GIVEN INFORMATION ->
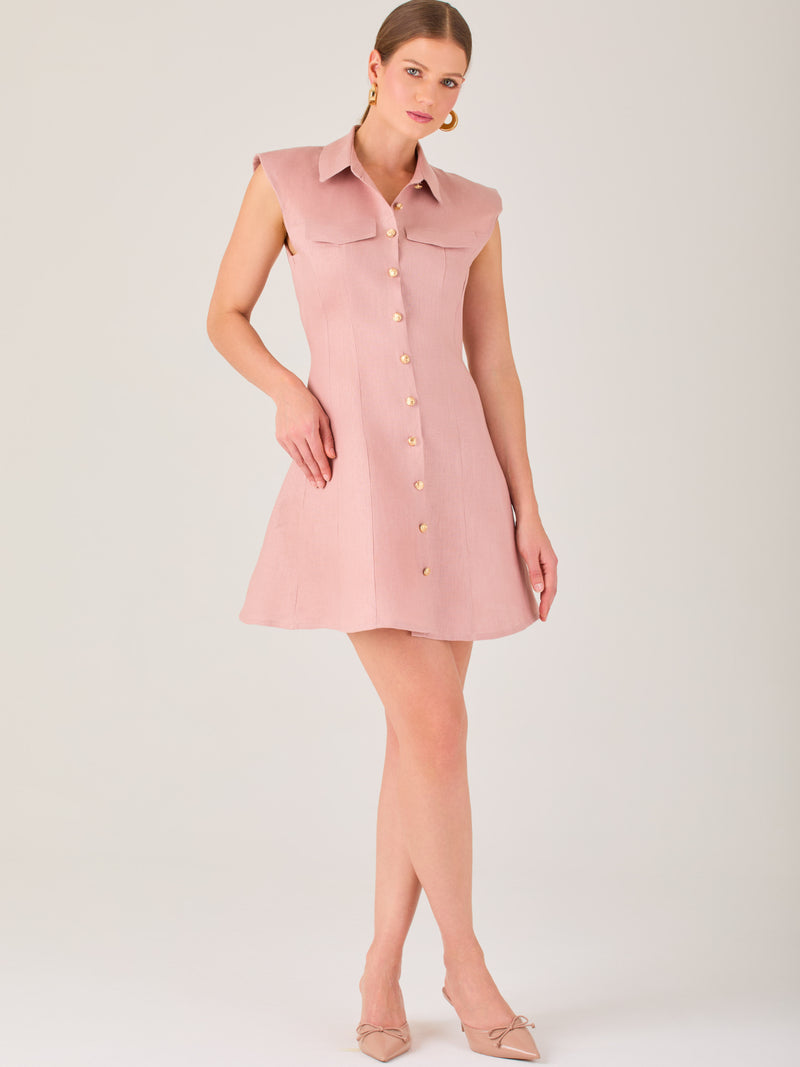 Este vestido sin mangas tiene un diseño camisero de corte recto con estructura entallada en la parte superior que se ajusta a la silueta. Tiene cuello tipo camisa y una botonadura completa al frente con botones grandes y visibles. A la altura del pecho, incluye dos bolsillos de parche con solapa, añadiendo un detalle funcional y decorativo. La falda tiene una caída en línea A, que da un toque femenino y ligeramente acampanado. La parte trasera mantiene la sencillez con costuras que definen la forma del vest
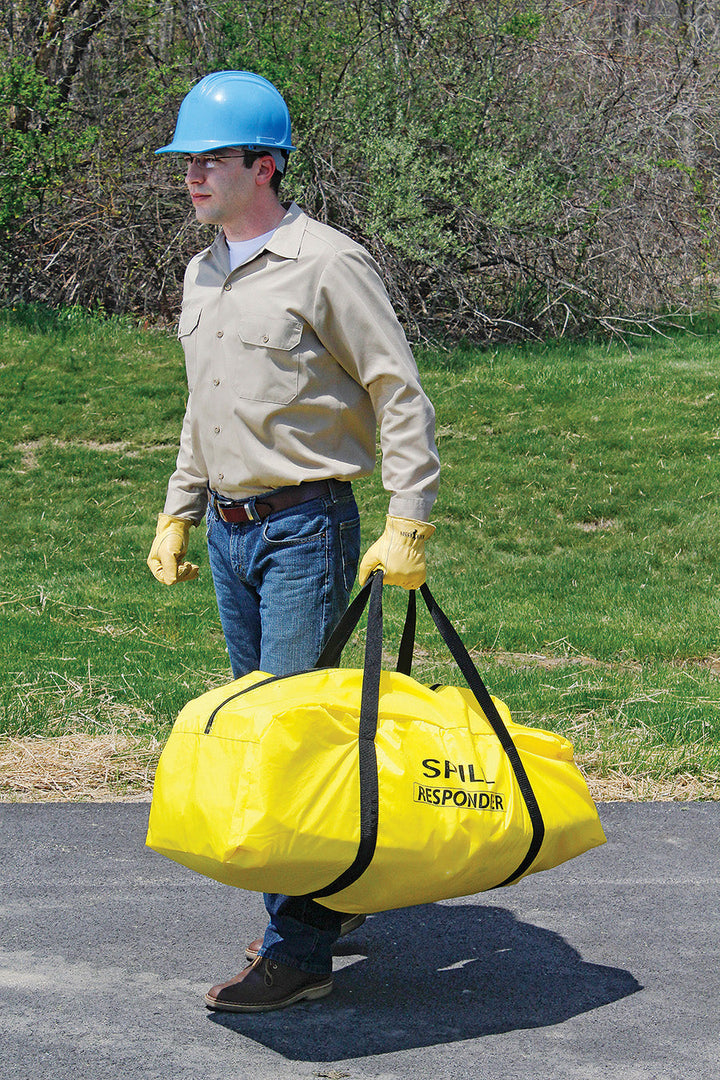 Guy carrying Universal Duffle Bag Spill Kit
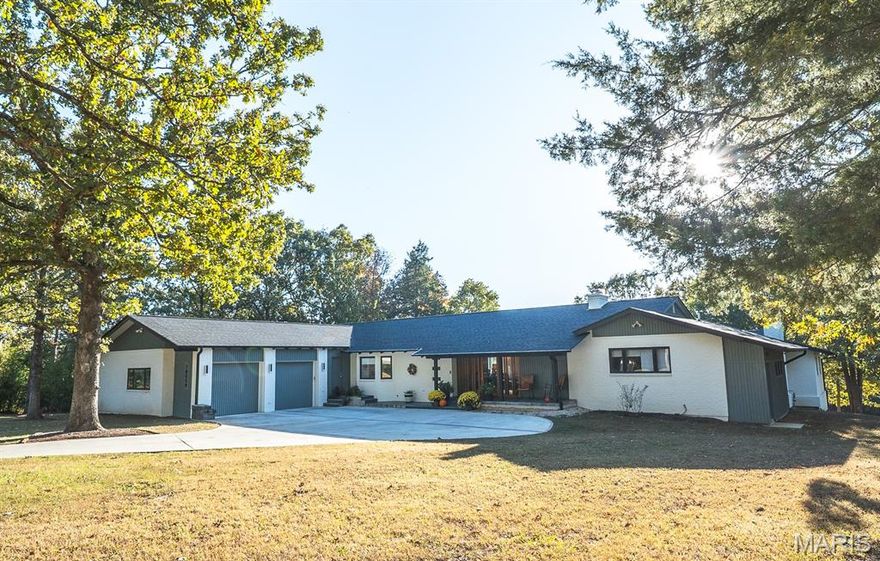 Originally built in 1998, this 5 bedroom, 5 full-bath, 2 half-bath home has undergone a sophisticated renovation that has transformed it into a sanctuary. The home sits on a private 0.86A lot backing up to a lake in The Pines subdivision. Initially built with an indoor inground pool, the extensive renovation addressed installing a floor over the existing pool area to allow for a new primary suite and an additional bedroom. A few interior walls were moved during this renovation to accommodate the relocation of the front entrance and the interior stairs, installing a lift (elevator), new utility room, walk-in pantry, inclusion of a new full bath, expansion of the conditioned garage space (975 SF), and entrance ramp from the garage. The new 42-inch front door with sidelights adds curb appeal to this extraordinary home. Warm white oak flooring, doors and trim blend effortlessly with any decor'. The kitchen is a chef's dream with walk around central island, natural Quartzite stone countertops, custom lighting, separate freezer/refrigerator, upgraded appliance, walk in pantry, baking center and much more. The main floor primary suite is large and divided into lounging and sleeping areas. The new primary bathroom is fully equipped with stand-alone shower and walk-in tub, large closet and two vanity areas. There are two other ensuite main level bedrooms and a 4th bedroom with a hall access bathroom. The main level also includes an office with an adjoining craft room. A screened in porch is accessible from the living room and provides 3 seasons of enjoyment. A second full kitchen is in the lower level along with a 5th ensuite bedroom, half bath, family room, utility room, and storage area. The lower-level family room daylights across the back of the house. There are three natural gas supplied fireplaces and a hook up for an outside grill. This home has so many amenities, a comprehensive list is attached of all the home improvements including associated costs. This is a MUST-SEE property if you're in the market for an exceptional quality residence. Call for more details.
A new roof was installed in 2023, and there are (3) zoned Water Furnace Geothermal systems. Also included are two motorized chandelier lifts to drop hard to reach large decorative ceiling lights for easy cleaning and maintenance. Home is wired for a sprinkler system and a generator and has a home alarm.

EXERCISE DIRECTIONS ->
Please give again, exactly and only, the lines from the top of the listing above through the line that has "Guy carrying Universal Duffle Bag Spill Kit", with pictures left out.

RESPONSE FOR THIS EXERCISE ->
 Este vestido sin mangas tiene un diseño camisero de corte recto con estructura entallada en la parte superior que se ajusta a la silueta. Tiene cuello tipo camisa y una botonadura completa al frente con botones grandes y visibles. A la altura del pecho, incluye dos bolsillos de parche con solapa, añadiendo un detalle funcional y decorativo. La falda tiene una caída en línea A, que da un toque femenino y ligeramente acampanado. La parte trasera mantiene la sencillez con costuras que definen la forma del vest
 Guy carrying Universal Duffle Bag Spill Kit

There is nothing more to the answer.